START Exercise data

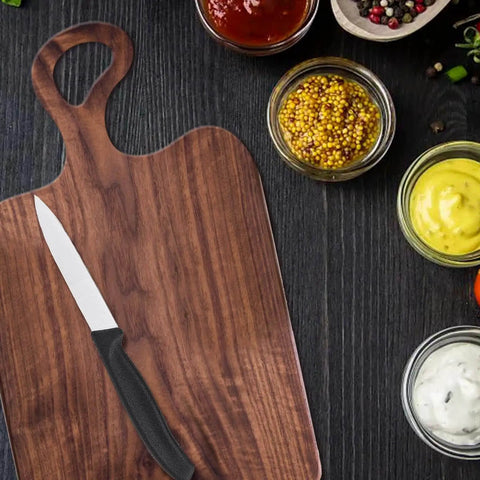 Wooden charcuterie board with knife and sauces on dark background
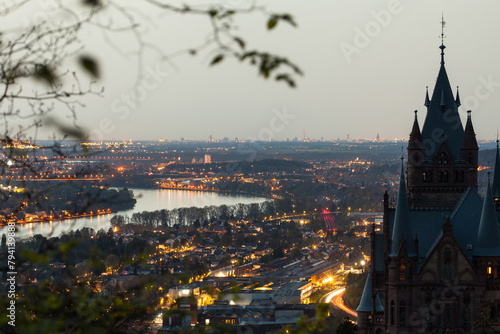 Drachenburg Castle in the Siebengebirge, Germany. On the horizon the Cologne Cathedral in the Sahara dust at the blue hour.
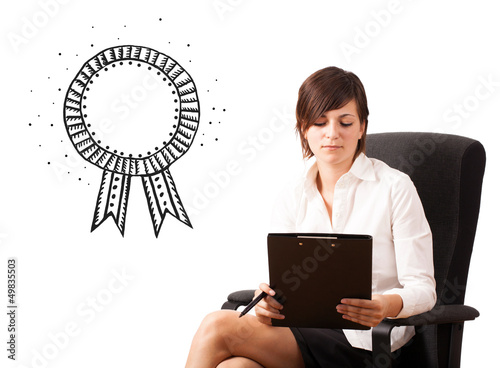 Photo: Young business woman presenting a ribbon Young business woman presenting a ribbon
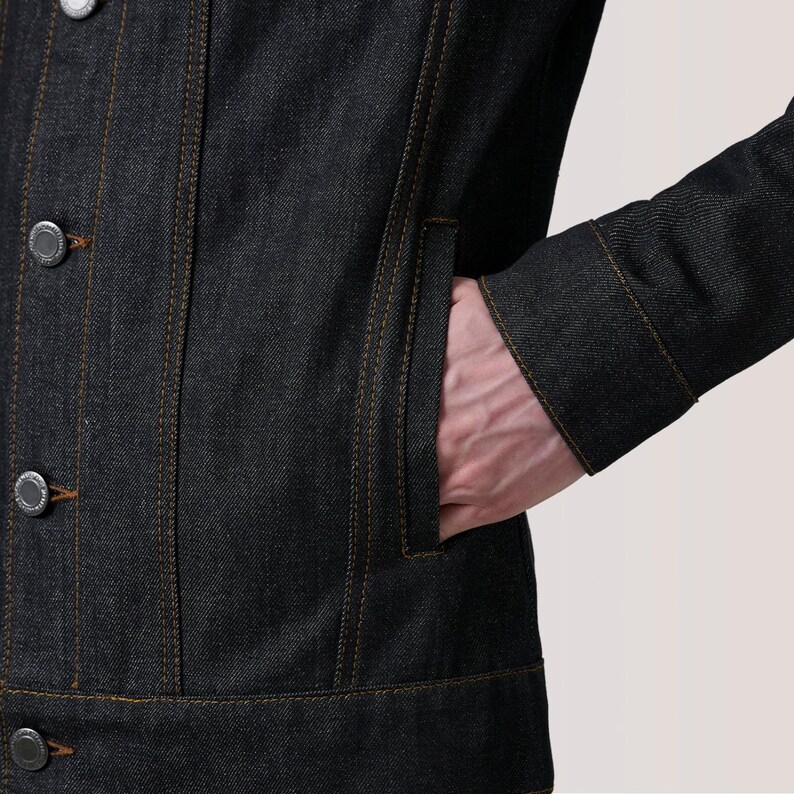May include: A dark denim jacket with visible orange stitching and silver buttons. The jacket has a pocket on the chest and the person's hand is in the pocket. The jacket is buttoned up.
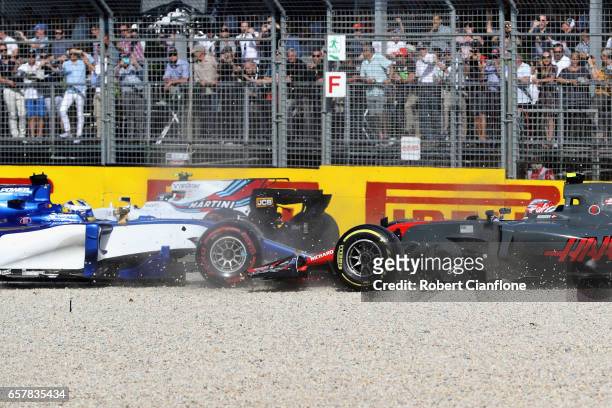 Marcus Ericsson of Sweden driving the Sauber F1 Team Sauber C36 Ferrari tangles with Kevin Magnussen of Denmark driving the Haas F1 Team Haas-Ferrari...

END Exercise data
START Exercise data

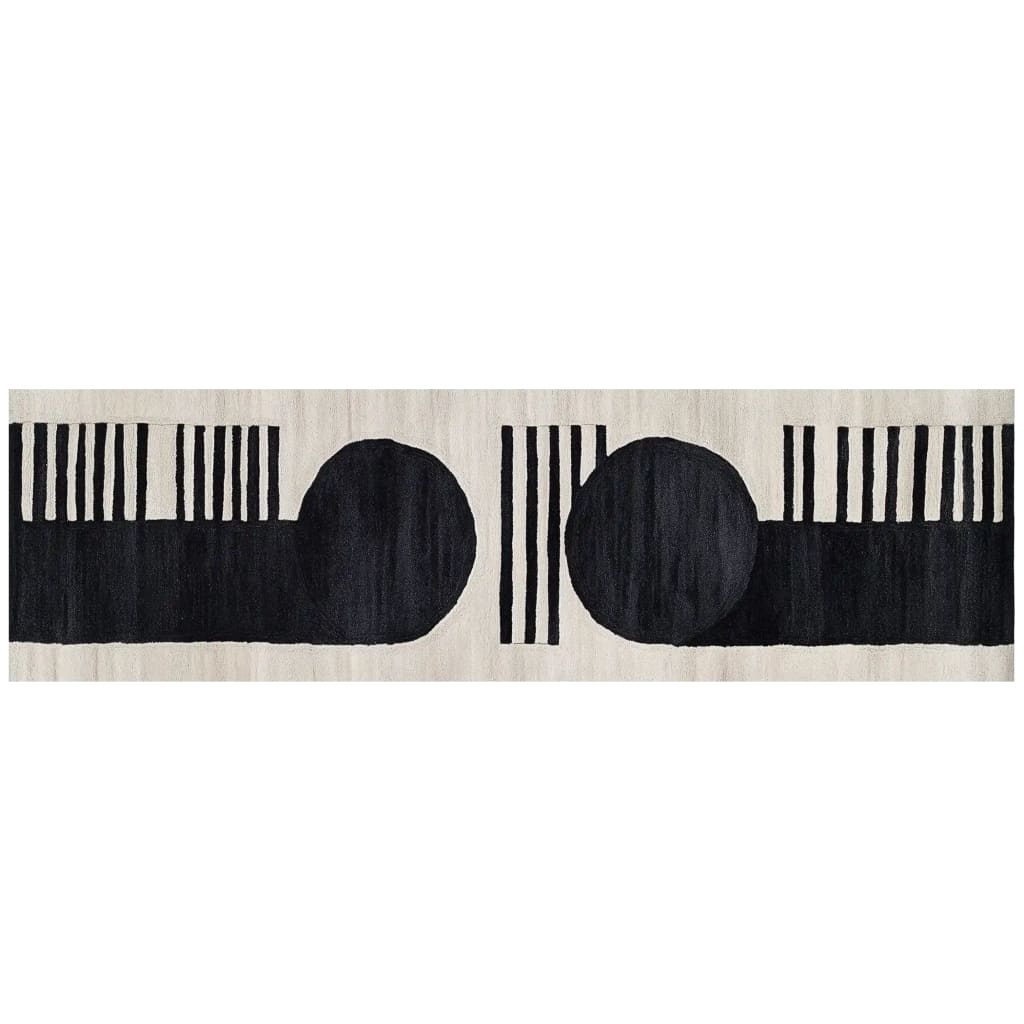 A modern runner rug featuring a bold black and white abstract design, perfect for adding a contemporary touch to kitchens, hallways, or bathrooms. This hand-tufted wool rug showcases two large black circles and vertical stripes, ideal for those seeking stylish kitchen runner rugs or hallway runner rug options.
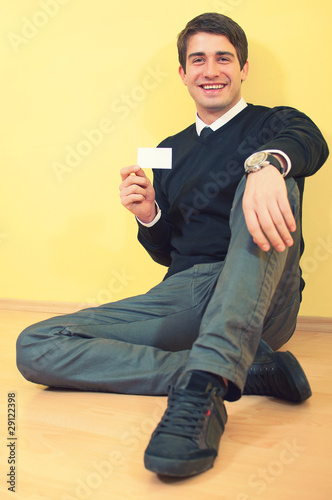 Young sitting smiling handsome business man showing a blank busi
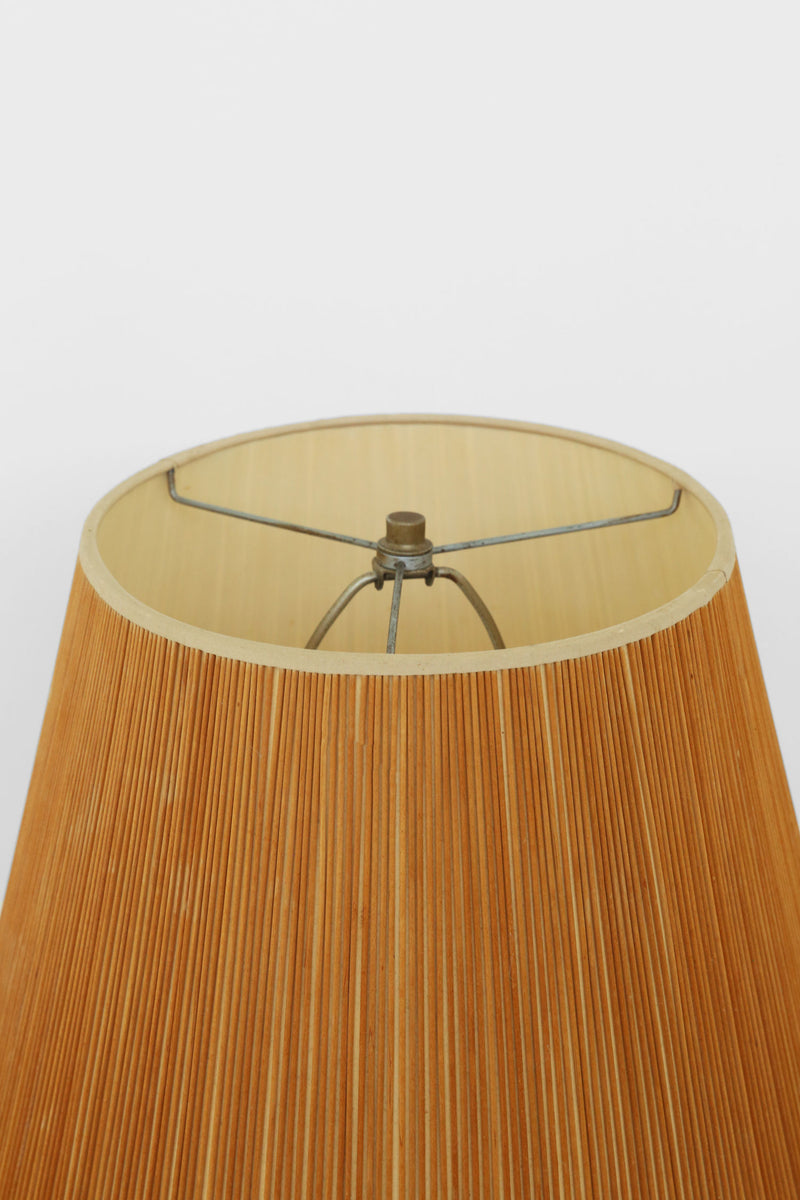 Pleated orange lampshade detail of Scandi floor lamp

END Exercise data

• [Work order] Copy the lines above exactly, starting with the line that contains "Young sitting smiling" and ending with the line that contains "Pleated orange lampshade", and leave out any pictures.

• [Exercise output]
 Young sitting smiling handsome business man showing a blank busi
 Pleated orange lampshade detail of Scandi floor lamp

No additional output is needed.